[Start of section]
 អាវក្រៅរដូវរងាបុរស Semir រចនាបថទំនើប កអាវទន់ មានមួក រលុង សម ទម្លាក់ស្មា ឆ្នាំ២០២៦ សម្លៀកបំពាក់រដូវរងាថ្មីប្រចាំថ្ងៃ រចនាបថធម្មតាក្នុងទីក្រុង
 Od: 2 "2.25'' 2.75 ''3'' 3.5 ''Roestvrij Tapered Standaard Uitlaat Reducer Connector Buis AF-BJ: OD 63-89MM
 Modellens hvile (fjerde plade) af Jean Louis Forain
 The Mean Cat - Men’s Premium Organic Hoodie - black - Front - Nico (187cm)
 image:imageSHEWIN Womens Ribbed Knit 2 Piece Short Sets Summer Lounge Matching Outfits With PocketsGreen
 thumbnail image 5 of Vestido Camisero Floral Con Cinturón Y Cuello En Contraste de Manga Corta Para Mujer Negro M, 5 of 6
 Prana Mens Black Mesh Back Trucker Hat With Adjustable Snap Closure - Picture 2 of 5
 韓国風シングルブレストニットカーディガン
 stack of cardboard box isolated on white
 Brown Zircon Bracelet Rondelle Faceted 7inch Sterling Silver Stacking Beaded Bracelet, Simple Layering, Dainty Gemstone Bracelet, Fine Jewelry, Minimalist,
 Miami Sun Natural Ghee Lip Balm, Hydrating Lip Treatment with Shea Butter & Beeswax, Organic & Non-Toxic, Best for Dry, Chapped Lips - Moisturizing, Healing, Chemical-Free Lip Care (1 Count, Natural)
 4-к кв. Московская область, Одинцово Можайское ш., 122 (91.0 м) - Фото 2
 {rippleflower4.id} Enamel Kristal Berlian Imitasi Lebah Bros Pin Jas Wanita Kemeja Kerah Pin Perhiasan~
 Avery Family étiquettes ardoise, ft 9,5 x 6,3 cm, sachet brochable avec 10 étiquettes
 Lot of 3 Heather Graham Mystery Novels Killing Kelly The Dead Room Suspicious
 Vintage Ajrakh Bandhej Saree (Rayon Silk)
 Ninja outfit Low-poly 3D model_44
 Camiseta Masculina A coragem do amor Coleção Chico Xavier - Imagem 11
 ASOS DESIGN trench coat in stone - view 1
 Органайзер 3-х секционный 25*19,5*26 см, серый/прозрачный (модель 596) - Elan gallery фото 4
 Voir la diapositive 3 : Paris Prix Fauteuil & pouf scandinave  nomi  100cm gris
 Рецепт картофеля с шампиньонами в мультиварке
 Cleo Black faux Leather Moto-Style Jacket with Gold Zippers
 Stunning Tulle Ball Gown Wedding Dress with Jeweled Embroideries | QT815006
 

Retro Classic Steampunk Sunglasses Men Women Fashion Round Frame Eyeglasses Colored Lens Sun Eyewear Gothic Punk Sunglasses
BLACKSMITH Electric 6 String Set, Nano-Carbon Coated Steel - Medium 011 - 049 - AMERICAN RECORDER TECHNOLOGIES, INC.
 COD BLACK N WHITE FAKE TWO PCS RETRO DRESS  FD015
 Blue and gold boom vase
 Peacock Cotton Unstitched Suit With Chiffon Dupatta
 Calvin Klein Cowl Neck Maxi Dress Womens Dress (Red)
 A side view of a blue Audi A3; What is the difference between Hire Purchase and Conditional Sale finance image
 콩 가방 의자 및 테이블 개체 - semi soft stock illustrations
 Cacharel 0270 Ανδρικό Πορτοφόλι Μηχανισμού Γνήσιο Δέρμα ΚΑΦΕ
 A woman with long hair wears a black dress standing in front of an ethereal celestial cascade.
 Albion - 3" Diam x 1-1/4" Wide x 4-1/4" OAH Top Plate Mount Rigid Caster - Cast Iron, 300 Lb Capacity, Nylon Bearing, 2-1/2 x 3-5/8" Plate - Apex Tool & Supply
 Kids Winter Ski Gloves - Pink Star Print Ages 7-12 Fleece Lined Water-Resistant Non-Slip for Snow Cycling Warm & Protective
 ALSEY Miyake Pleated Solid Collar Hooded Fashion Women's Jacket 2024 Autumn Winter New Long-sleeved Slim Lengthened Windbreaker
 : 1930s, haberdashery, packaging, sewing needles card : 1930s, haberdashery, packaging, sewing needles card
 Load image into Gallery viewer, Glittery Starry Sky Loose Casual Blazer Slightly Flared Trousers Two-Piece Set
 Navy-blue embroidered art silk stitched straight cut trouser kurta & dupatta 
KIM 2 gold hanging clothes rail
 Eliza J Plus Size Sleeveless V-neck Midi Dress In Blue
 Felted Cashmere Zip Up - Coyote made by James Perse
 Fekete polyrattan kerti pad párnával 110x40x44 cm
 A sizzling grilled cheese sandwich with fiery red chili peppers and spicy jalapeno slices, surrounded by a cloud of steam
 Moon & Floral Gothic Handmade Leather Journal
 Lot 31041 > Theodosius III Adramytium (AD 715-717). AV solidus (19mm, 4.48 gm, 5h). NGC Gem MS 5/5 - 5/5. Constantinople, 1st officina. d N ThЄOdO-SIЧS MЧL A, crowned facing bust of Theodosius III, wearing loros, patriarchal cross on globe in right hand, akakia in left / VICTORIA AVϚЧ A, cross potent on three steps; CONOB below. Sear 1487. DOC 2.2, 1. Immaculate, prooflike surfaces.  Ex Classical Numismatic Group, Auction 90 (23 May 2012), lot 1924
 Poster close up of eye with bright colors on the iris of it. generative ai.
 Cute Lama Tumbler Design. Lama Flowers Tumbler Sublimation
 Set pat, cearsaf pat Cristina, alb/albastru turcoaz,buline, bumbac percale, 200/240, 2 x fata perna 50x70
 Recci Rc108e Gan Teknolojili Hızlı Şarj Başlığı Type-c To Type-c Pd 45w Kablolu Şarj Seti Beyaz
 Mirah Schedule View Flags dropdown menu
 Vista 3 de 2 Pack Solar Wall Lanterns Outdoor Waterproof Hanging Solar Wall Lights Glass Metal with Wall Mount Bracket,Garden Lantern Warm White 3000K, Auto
[End of section]
Set down the whole listing again. Keep every word as it is.

 អាវក្រៅរដូវរងាបុរស Semir រចនាបថទំនើប កអាវទន់ មានមួក រលុង សម ទម្លាក់ស្មា ឆ្នាំ២០២៦ សម្លៀកបំពាក់រដូវរងាថ្មីប្រចាំថ្ងៃ រចនាបថធម្មតាក្នុងទីក្រុង
 Od: 2 "2.25'' 2.75 ''3'' 3.5 ''Roestvrij Tapered Standaard Uitlaat Reducer Connector Buis AF-BJ: OD 63-89MM
 Modellens hvile (fjerde plade) af Jean Louis Forain
 The Mean Cat - Men’s Premium Organic Hoodie - black - Front - Nico (187cm)
 image:imageSHEWIN Womens Ribbed Knit 2 Piece Short Sets Summer Lounge Matching Outfits With PocketsGreen
 thumbnail image 5 of Vestido Camisero Floral Con Cinturón Y Cuello En Contraste de Manga Corta Para Mujer Negro M, 5 of 6
 Prana Mens Black Mesh Back Trucker Hat With Adjustable Snap Closure - Picture 2 of 5
 韓国風シングルブレストニットカーディガン
 stack of cardboard box isolated on white
 Brown Zircon Bracelet Rondelle Faceted 7inch Sterling Silver Stacking Beaded Bracelet, Simple Layering, Dainty Gemstone Bracelet, Fine Jewelry, Minimalist,
 Miami Sun Natural Ghee Lip Balm, Hydrating Lip Treatment with Shea Butter & Beeswax, Organic & Non-Toxic, Best for Dry, Chapped Lips - Moisturizing, Healing, Chemical-Free Lip Care (1 Count, Natural)
 4-к кв. Московская область, Одинцово Можайское ш., 122 (91.0 м) - Фото 2
 {rippleflower4.id} Enamel Kristal Berlian Imitasi Lebah Bros Pin Jas Wanita Kemeja Kerah Pin Perhiasan~
 Avery Family étiquettes ardoise, ft 9,5 x 6,3 cm, sachet brochable avec 10 étiquettes
 Lot of 3 Heather Graham Mystery Novels Killing Kelly The Dead Room Suspicious
 Vintage Ajrakh Bandhej Saree (Rayon Silk)
 Ninja outfit Low-poly 3D model_44
 Camiseta Masculina A coragem do amor Coleção Chico Xavier - Imagem 11
 ASOS DESIGN trench coat in stone - view 1
 Органайзер 3-х секционный 25*19,5*26 см, серый/прозрачный (модель 596) - Elan gallery фото 4
 Voir la diapositive 3 : Paris Prix Fauteuil & pouf scandinave  nomi  100cm gris
 Рецепт картофеля с шампиньонами в мультиварке
 Cleo Black faux Leather Moto-Style Jacket with Gold Zippers
 Stunning Tulle Ball Gown Wedding Dress with Jeweled Embroideries | QT815006
 

Retro Classic Steampunk Sunglasses Men Women Fashion Round Frame Eyeglasses Colored Lens Sun Eyewear Gothic Punk Sunglasses
BLACKSMITH Electric 6 String Set, Nano-Carbon Coated Steel - Medium 011 - 049 - AMERICAN RECORDER TECHNOLOGIES, INC.
 COD BLACK N WHITE FAKE TWO PCS RETRO DRESS  FD015
 Blue and gold boom vase
 Peacock Cotton Unstitched Suit With Chiffon Dupatta
 Calvin Klein Cowl Neck Maxi Dress Womens Dress (Red)
 A side view of a blue Audi A3; What is the difference between Hire Purchase and Conditional Sale finance image
 콩 가방 의자 및 테이블 개체 - semi soft stock illustrations
 Cacharel 0270 Ανδρικό Πορτοφόλι Μηχανισμού Γνήσιο Δέρμα ΚΑΦΕ
 A woman with long hair wears a black dress standing in front of an ethereal celestial cascade.
 Albion - 3" Diam x 1-1/4" Wide x 4-1/4" OAH Top Plate Mount Rigid Caster - Cast Iron, 300 Lb Capacity, Nylon Bearing, 2-1/2 x 3-5/8" Plate - Apex Tool & Supply
 Kids Winter Ski Gloves - Pink Star Print Ages 7-12 Fleece Lined Water-Resistant Non-Slip for Snow Cycling Warm & Protective
 ALSEY Miyake Pleated Solid Collar Hooded Fashion Women's Jacket 2024 Autumn Winter New Long-sleeved Slim Lengthened Windbreaker
 : 1930s, haberdashery, packaging, sewing needles card : 1930s, haberdashery, packaging, sewing needles card
 Load image into Gallery viewer, Glittery Starry Sky Loose Casual Blazer Slightly Flared Trousers Two-Piece Set
 Navy-blue embroidered art silk stitched straight cut trouser kurta & dupatta 
KIM 2 gold hanging clothes rail
 Eliza J Plus Size Sleeveless V-neck Midi Dress In Blue
 Felted Cashmere Zip Up - Coyote made by James Perse
 Fekete polyrattan kerti pad párnával 110x40x44 cm
 A sizzling grilled cheese sandwich with fiery red chili peppers and spicy jalapeno slices, surrounded by a cloud of steam
 Moon & Floral Gothic Handmade Leather Journal
 Lot 31041 > Theodosius III Adramytium (AD 715-717). AV solidus (19mm, 4.48 gm, 5h). NGC Gem MS 5/5 - 5/5. Constantinople, 1st officina. d N ThЄOdO-SIЧS MЧL A, crowned facing bust of Theodosius III, wearing loros, patriarchal cross on globe in right hand, akakia in left / VICTORIA AVϚЧ A, cross potent on three steps; CONOB below. Sear 1487. DOC 2.2, 1. Immaculate, prooflike surfaces.  Ex Classical Numismatic Group, Auction 90 (23 May 2012), lot 1924
 Poster close up of eye with bright colors on the iris of it. generative ai.
 Cute Lama Tumbler Design. Lama Flowers Tumbler Sublimation
 Set pat, cearsaf pat Cristina, alb/albastru turcoaz,buline, bumbac percale, 200/240, 2 x fata perna 50x70
 Recci Rc108e Gan Teknolojili Hızlı Şarj Başlığı Type-c To Type-c Pd 45w Kablolu Şarj Seti Beyaz
 Mirah Schedule View Flags dropdown menu
 Vista 3 de 2 Pack Solar Wall Lanterns Outdoor Waterproof Hanging Solar Wall Lights Glass Metal with Wall Mount Bracket,Garden Lantern Warm White 3000K, Auto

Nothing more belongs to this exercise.